The Other Side of the Transition

Just a few days ago, I received a glorious packet of Vespers booklets from St. Peter's at the Vatican, the actual music used under the incredibly wonderful new push for solemnity and beauty at the Vatican, which is setting a standard for the entire world, under the leadership of the visionary Fr. Pierre Paul. He seems to have made several hundred years of progress in a matter of months.

There is a tendency on those of us outside this loop to aggregate all the music that goes on at St. Peter's and within the Vatican generally, and this is a huge mistake. There is progress and majesty in some areas. And there is schmaltz and reaction in other sectors.

Part of the latter is represented by a new CD being promoted as featuring the voice of Pope Benedict. Damian Thompson, who has a remarkable capacity for saying truthful things without varnish and with great style, reviews this CD here:


How dare they subject Pope Benedict to this musical atrocity?

Here’s my Daily Telegraph review of the worst CD I’ve heard for many years – featuring, I’m sorry to say, the voice of the Holy Father:

The release of the album Alma Mater is supposed to be a significant religious and musical event. This is “the Pope’s first CD”, featuring the voice of Benedict XVI as part of an “enchanting blend” of new sacred music by three “world-class” modern composers.

Enchanting? That’s a matter of opinion. But it’s certainly a blend. The choir of the Philharmonic Academy of Rome is singing in St Peter’s; the Royal Philharmonic Orchestra is accompanying it in “the iconic Abbey Road studios” in London; and goodness knows where the quavering snatches of Gregorian chant sung by the Pope were recorded.

The result, we are told, “transcends musical, religious and cultural boundaries”. Actually, what it transcends is every consideration of good taste. Two of the composers, Stefano Mainetti and Simon Boswell, specialise in film scores, and that is the prevailing musical flavour of the album: Catholicism as imagined by Hollywood. Take a line of plainchant, fill it out with the pious harmonies of a deservedly forgotten 19th-century Catholic composer and drizzle kitsch all over them.

Then, lest the enterprise seem too Eurocentric and old-fashioned, add a twist of “world music”. This is presumably where the third composer, the Morrocan Nour Eddine, comes in. We hear an instrument that may or may not be a sitar, twanging away Bollywood-style until it is swamped by luxury strings. (Not for nothing is the RPO regarded as the most opportunistic of the London orchestras.)

How did the producers manage to acquire and mix tapes of the Pope saying prayers in various languages and briefly singing in Latin? It seems like the most terrible indignity to visit on the Successor of Peter, to say nothing of the Blessed Virgin Mary, in whose praise these ancient texts were written.

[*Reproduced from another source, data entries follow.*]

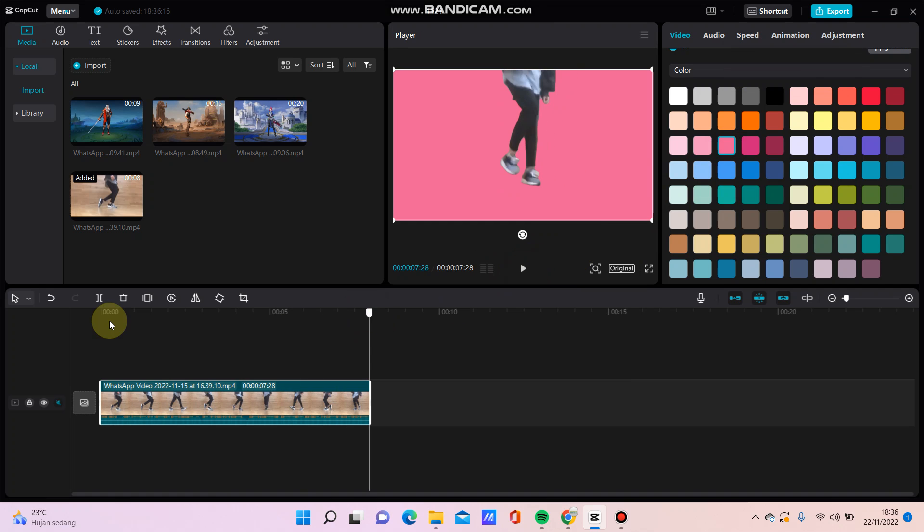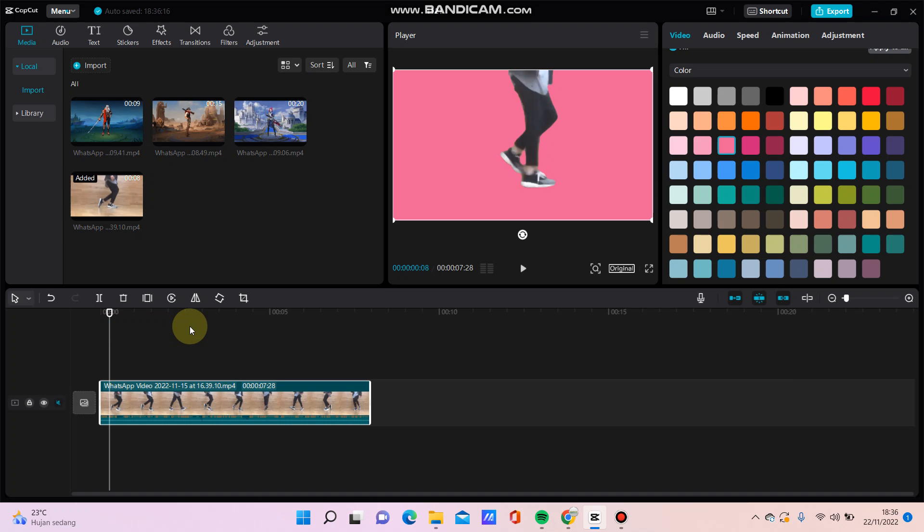Okay, that's simple. How to change video background with solid color in CapCut.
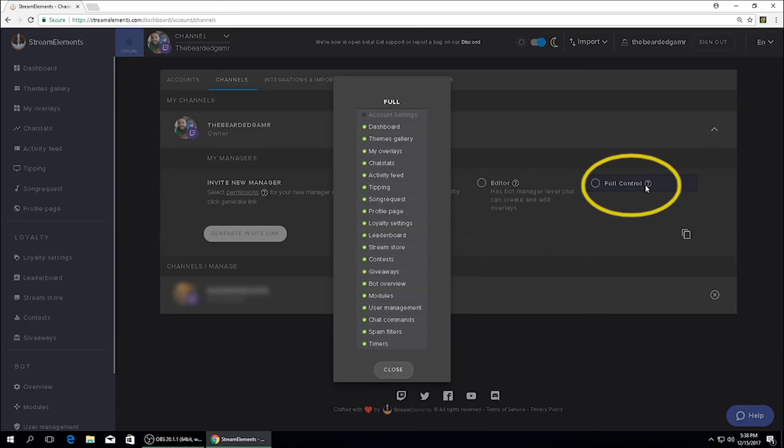And then we have full control which is just that, it's full access to your Stream Elements account wherever and whenever you need them. There is one restriction with full control, it does not have the ability to invite new managers, so they cannot generate invite links. So don't worry about giving someone full control and them inviting whoever they want because it's not in their permissions.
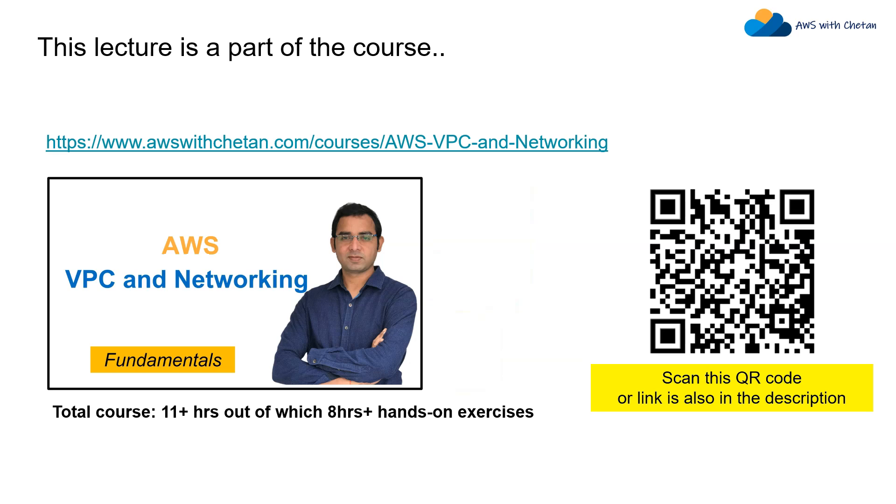If you're interested in learning more about AWS VPC and networking I highly recommend enrolling in this course where I have covered everything from basic to advance with lots of hands-on exercises. With that I wish you happy holidays and hopefully you don't have to worry about unattended AWS usage anymore.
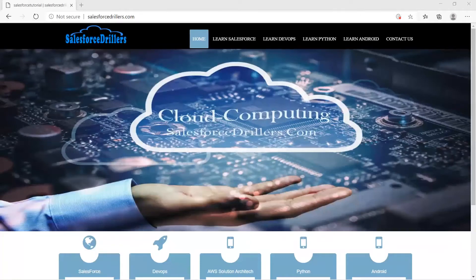Welcome to Salesforce Dealers' Python video series. I'm from the Salesforce Dealers team, with four years of experience in Python. If you really want to learn Python in depth, please follow my complete Python video series till the end. Let's start with my first lecture: the introduction to Python.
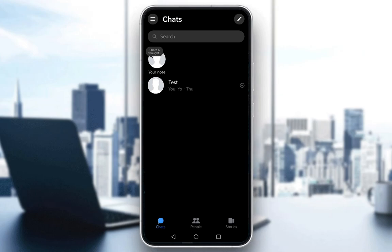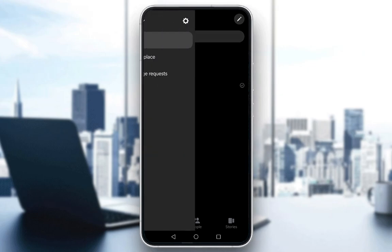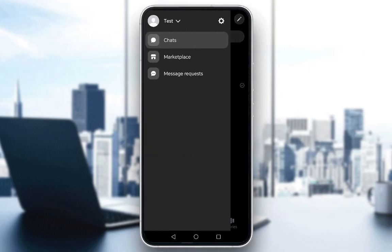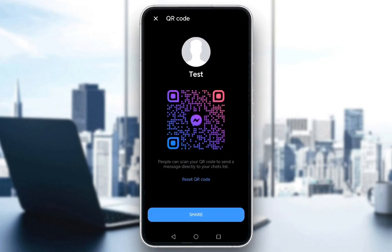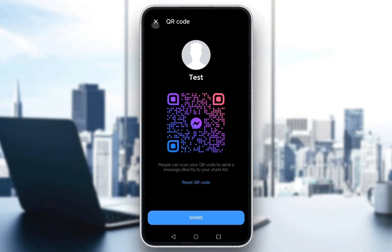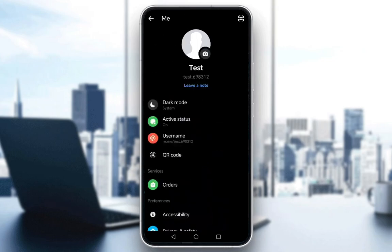The way that you get someone's QR code, or that somebody finds their own QR code: once you're in Messenger, you tap on the menu in the top left, then tap the gear icon next to your name, then go into QR code — and then somebody can see your QR code and add you as their contact.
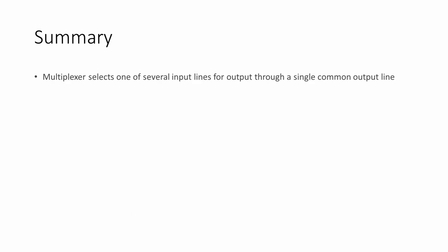To summarise then, a multiplexer is an electronic device that selects one of several possible input lines and routes it towards a single output. A demultiplexer is the functional opposite of a multiplexer. It takes only one input line and directs it to one of several possible output lines.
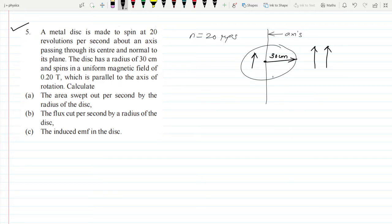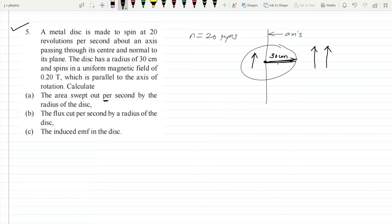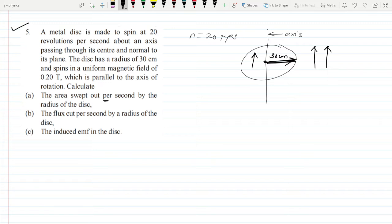The condition available in this question is clear. Next, it asks for the area swept out per second by the radius of the disc. When the radius completes one rotation, it sweeps out the entire area of the circle. So the question is area swept per second. Within one second, the radius makes 20 revolutions — that is 20 rps — so in one second it covers the circle's area 20 times.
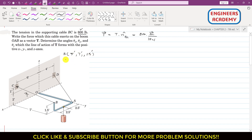For the coordinates of point C: we need to travel 6 feet in the positive x direction, so x equals 6. Then 3 feet in the positive z direction, so z equals 3. There is no travel in the y direction since point C is in the x-z plane, so the y coordinate is 0. The coordinates of point C are (6, 0, 3) feet.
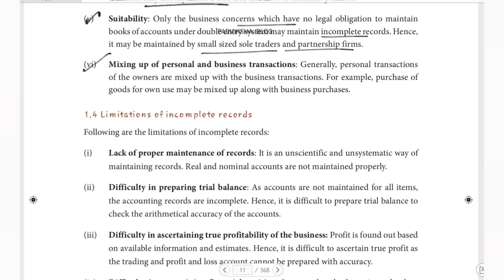The last feature is mixing up of personal and business transactions. Generally, personal transactions of the owners are mixed up with business transactions. For example, purchase of goods for own use may be mixed up with business purchases. In accounting, a business is treated as a separate legal entity, but in the single entry system, both personal and business transactions are recorded together.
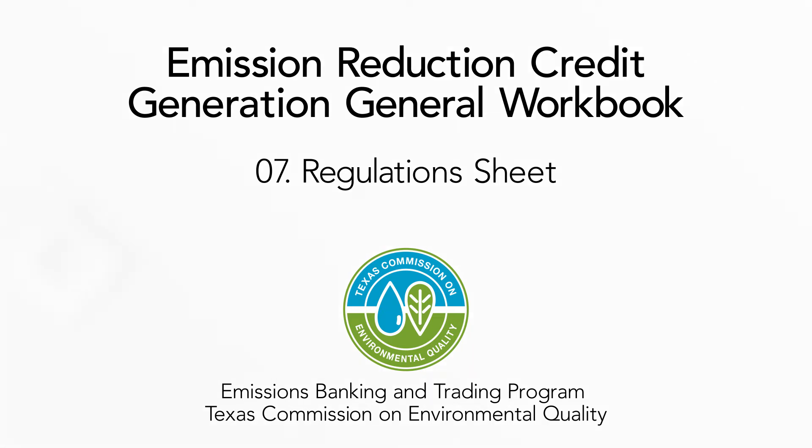Hi everyone, thank you for joining me for this demonstration of the Emission Reduction Credit, or ERC, Generation General Workbook.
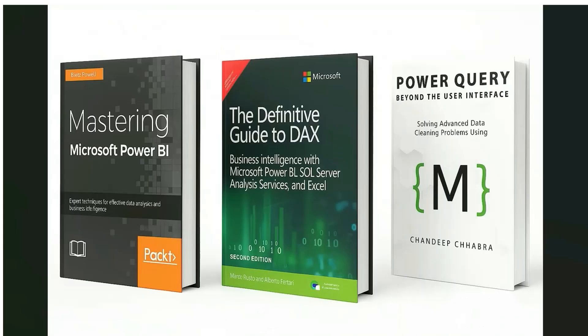These are the books that I highly recommend buying that can take your Power BI skills to the next level. These 3 books can cover almost all the aspects of Power BI from DAX to Power Query to the overall Power BI dashboarding. You can find the link of these books in the description. Check them out if you want to level up faster.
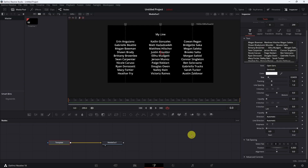This happens to be a list of names, but it could be a list of anything — ingredients in a recipe, a list of materials for something you're building. It could be anything. That's how you can use the tab spacing in the Text+ box to give you some nice formatting. A lot of people use this in movie-type credits, rolling credits, and stuff like that.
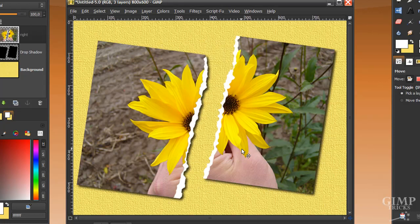And there you're done. Your photo is now torn in half and lying on the canvas. I hope you liked this tutorial. If you did then maybe you'd like to watch my other videos — subscribe. Thank you for watching.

But then the truth dawns: the appalling Alma Mater has been produced by Geffen Records with the encouragement of Vatican Radio. Unfortunately, that is not as surprising as it might seem. Rome itself frequently confuses solemnity and schmaltz: the last time I was in a papal basilica I had to listen to nonagenarian operatic tenors belting out sacred music just as mediocre as the pieces on this album, albeit without the showbiz overtones.

So there you have it: Gregorian chant meets Hollywood meets the Standard Tandoori, with the enthusiastic participation of the Roman authorities. The Catholic Church may have abolished the Inquisition, but it still knows the meaning of torture.